We arrived at Punakaiki in time for the high tide. The blow holes are more impressive at high tide and even more so if there is a swell (which there wasn't really).


The easy walk around the cliff tops takes less than 30 minutes - depending upon how long you take to watch the blow holes.  When you're not looking at the coastal view the view back inland is flax (Harakeke), flax, a bit more flax and Nikau palms, then high hills covered in bush and Nikau palms. 

Harakeke (flax)
flowering Nikau

a squat Nikau

The day we left the West Coast we also drove past Punakaiki and it happened to be high tide again.  We just had to stop as that day was windy and the sea was quite choppy in contrast to the first day that was mostly sunny and calm.

Another natural feature is the Punakaiki Cavern, this is adjacent to the main road and access is quite easy.  The cave goes in ~140m and apparently there are glow worms - we learnt this on the way out so hadn't been looking for them!  We were rather noisy so maybe they had switched themselves off.  We all had head torches and once you got used to ducking and the slippery rocks it was fun.
cave exit

inside (odd light due to flash)

Sunday, February 2, 2014

Just one more

Well I couldn't help myself, I delivered another Blue 12x12 for the Aotearoa Quilters Blue 12x12 exhibition.  (see here for my other entry)

I started it the day of my Guild's January meeting so I could take along some hand stitching.  The January meeting is just an informal night where you can stitch, knit, whatever and chat.  The usual monthly meetings are more formal and involve a speaker, show and tell, etc.

So I quickly felted up a blue piece.  Starting with acrylic felt I needlefelted (with my trusty Janome needlefelting machine) a selection of blue wool, silk rovings, with vague white crosses and some bits of black.  During the Guild meeting I added some handstitching and then took the piece on holiday with the intention to stitch more - yeah right.  It spent the whole time in its wee bag.
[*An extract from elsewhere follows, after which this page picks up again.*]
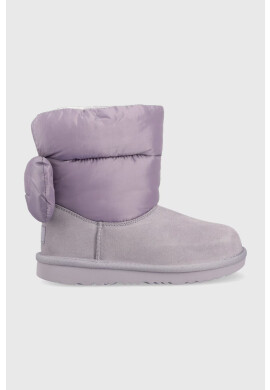 Ugg Детски апрески Bailey Bow Maxi в сиво - Pepit.bg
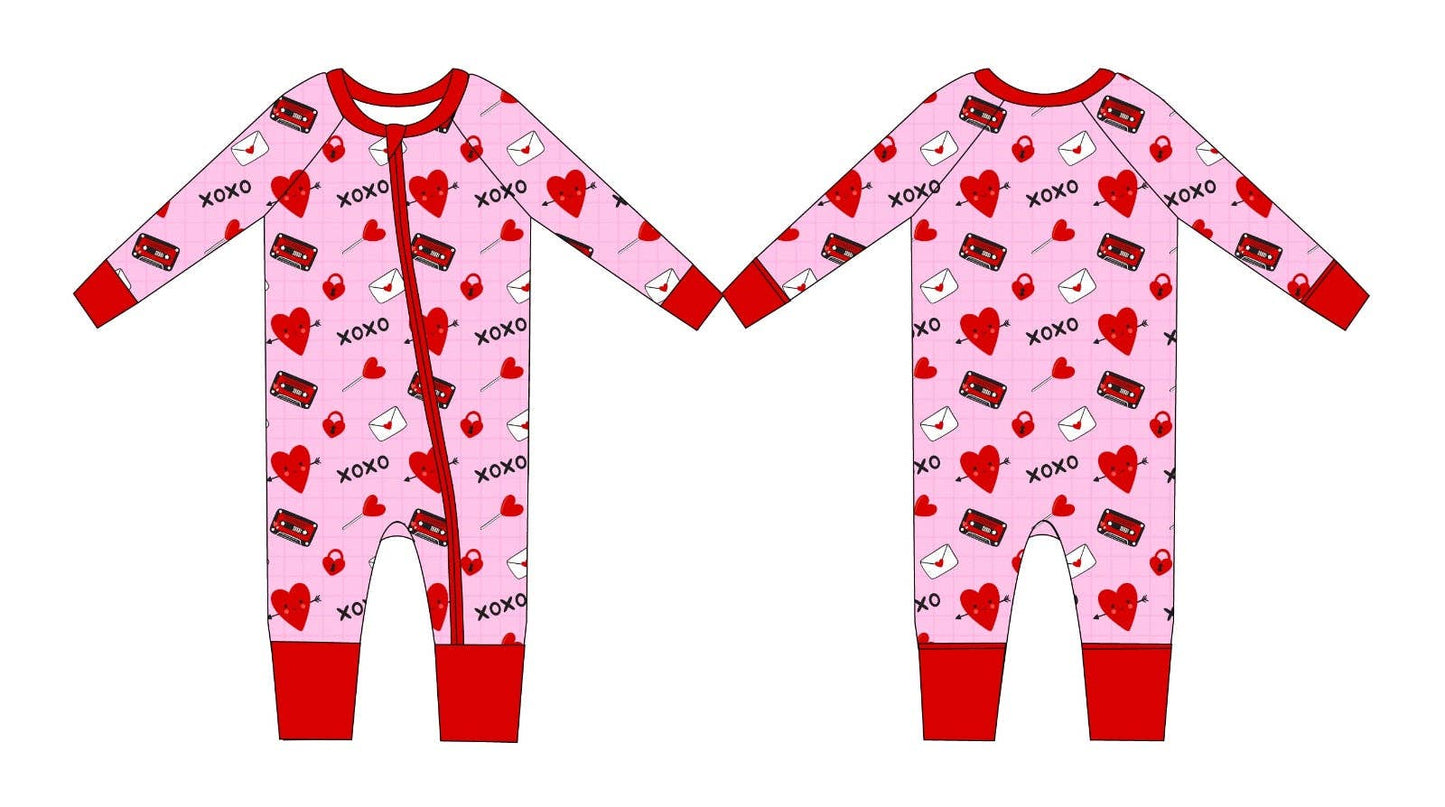 Valentine's Day Love Letter Zippy Bamboo Pajamas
Back at home and completely uninspired with it - it sat in its wee bag. Until last Wednesday (two days before the deadline), when again I needed some handstitching to take to my Wednesday evening stitching group (the first for the year).  Quickly added a bit of machine quilting to firm it up abit, some bobbin work, then sewed on the facing strips that could be handstitched that night.

So 4pm Friday afternoon I delivered this ...

The quilts will be exhibited at the Craft Fairs in Christchurch and Palmerston North and the quilts will all be for sale at $125.  Not sure what I'll do with this if it doesn't sell and is returned.